If this be the end of political struggles, the design, when executed, in
securing to the individual his estate, and the means of subsistence, may
put an end to the exercise of those very virtues that were required in
conducting its execution. A man who, in concert with his fellow subjects,
contends with usurpation in defence of his estate or his person, may in
that very struggle have found an exertion of great generosity, and of a
vigorous spirit; but he who, under political establishments, supposed to be
fully confirmed, betakes him, because he is safe, to the mere enjoyment of
fortune, has in fact turned to a source of corruption the advantages which
the virtues of the other procured. Individuals, in certain ages, derive
their protection chiefly from the strength of the party to which they
adhere; but in tithes of corruption they flatter themselves; that they may
continue to derive from the public that safety which, in former ages, they
must have owed to their own vigilance and spirit, to the warm attachment of
their friends, and to the exercise of every talent which could render them
respected, feared, or beloved. In one period, therefore, mere circumstances
serve to excite the spirit, and to preserve the manners of men; in another,
great wisdom and zeal for the good of mankind on the part of their leaders,
are required for the same purposes.
Rome, it may be thought, did not die of a lethargy, nor perish by the
remission of her political ardours at home. Her distemper appeared of a
nature more violent and acute. Yet if the virtues of Cato and of Brutus
found an exercise in the dying hour of the republic, the neutrality, and
the cautious retirement of Atticus, found its security in the same
tempestuous season; and the great body of the people lay undisturbed below
the current of a storm, by which the superior ranks of men were destroyed.
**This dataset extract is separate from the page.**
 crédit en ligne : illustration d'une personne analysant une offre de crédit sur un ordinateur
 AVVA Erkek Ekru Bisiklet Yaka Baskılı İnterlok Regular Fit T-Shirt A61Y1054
In the minds of the people the sense of a public was defaced; and even the
animosity of faction had subsided: they only could share in the commotion,
who were the soldiers of a legion, or the partisans of a leader. But this
state fell not into obscurity for want of eminent men. If at the time of
which we speak, we look only for a few names distinguished in the history
of mankind, there is no period at which the list was more numerous. But
those names became distinguished in the contest for dominion, not in the
exercise of equal rights: the people was corrupted; so great an empire
stood in need of a master.
Republican governments, in general, are in hazard of ruin from the
ascendant of particular factions, and from the mutinous spirit of a
populace, who, being corrupted, are no longer fit to share in the
administration of state. But under other establishments, where liberty may
be more successfully attained if men are corrupted, the national vigour
declines from the abuse of that very security which is procured by the
supposed perfection of public order.
A distribution of power and office; an execution of law, by which mutual
encroachments and molestations are brought to an end; by which the person
and the property are, without friends, without cabal, without obligation,
perfectly secured to individuals, does honour to the genius of a nation;
and could not have been fully established, without those exertions of
understanding and integrity, those trials of a resolute and vigorous
spirit, which adorn the annals of a people, and leave to future ages a
subject of just admiration and applause. But if we suppose that the end is
attained, and that men no longer act, in the enjoyment of liberty from
liberal sentiments, or with a view to the preservation of public manners;
if individuals think themselves secure without any attention or effort of
their own; this boasted advantage may be found only to give them an
opportunity of enjoying, at leisure, the conveniencies and necessaries of
life; or, in the language of Cato, teach them to value their houses, their
villas, their statues, and their pictures, at a higher rate than they do
the republic. They may be found to grow tired in secret of a free
constitution, of which they never cease to boast in their conversation, and
which they always neglect in their conduct.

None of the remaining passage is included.